§ Directions: Only one stretch of the records below should be repeated. It starts with the line containing "Yeni Sezon Tül Tenselzincir Detaylı Elbise" and goes on through the line containing "Raver Wristers –", exactly as written.

§ Data for the task:
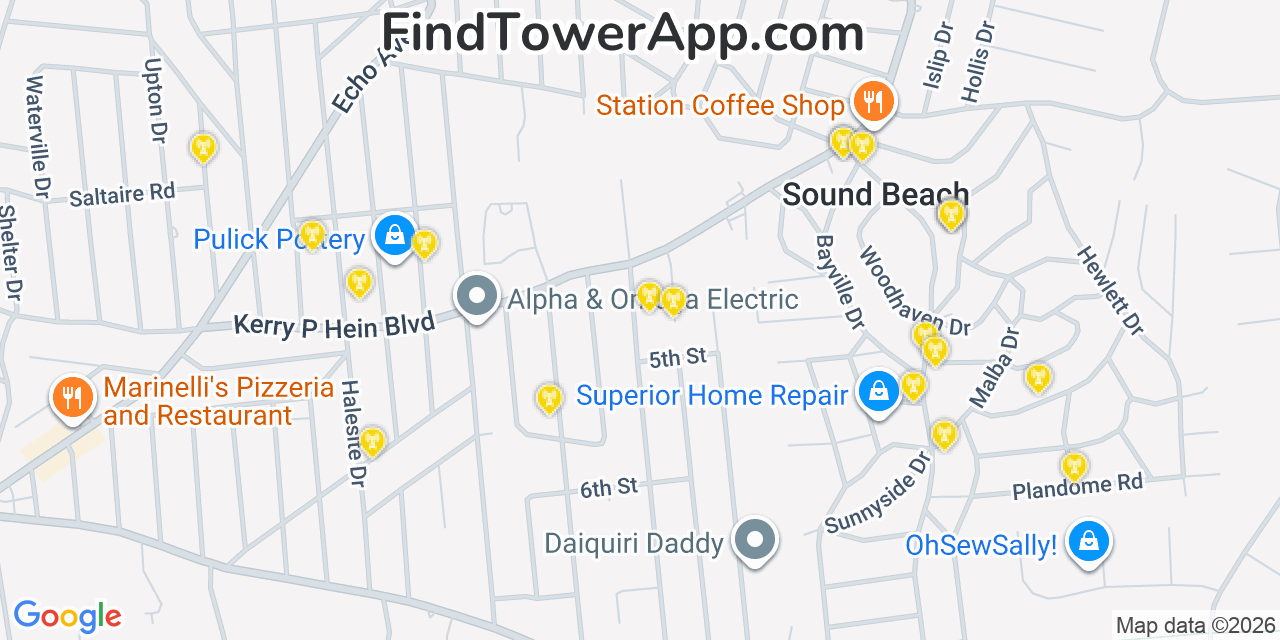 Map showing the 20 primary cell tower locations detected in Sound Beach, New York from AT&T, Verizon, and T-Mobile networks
* * *
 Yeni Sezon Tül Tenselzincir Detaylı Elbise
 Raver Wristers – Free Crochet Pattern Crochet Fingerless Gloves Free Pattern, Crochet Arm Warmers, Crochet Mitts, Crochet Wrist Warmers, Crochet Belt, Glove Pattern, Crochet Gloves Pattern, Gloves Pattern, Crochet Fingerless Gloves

§ Result of this exercise:
 Yeni Sezon Tül Tenselzincir Detaylı Elbise
 Raver Wristers – Free Crochet Pattern Crochet Fingerless Gloves Free Pattern, Crochet Arm Warmers, Crochet Mitts, Crochet Wrist Warmers, Crochet Belt, Glove Pattern, Crochet Gloves Pattern, Gloves Pattern, Crochet Fingerless Gloves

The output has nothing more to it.